◆ Collected data
════════════════════
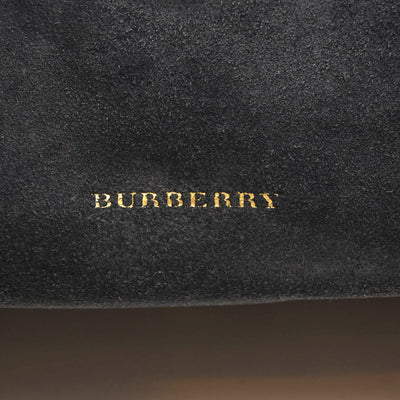 BURBERRY Suede House Check Medium Banner Tote Ink Blue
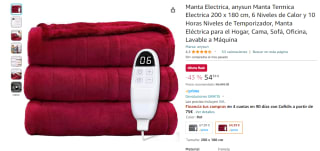 Manta Eléctrica con 6 Niveles de Calor de 200 x 180 cm por 54,39€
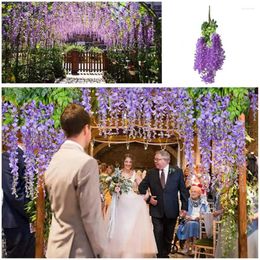 Decorative Flowers Wedding Artificial Flower Decoration Hanging Garland Rattan Ceiling String Suitable For Home Garden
════════════════════
◆ Exercise details
Nothing but the pictures may be dropped as you repeat the listing above exactly.

◆ Task answer
 BURBERRY Suede House Check Medium Banner Tote Ink Blue
 Manta Eléctrica con 6 Niveles de Calor de 200 x 180 cm por 54,39€
 Decorative Flowers Wedding Artificial Flower Decoration Hanging Garland Rattan Ceiling String Suitable For Home Garden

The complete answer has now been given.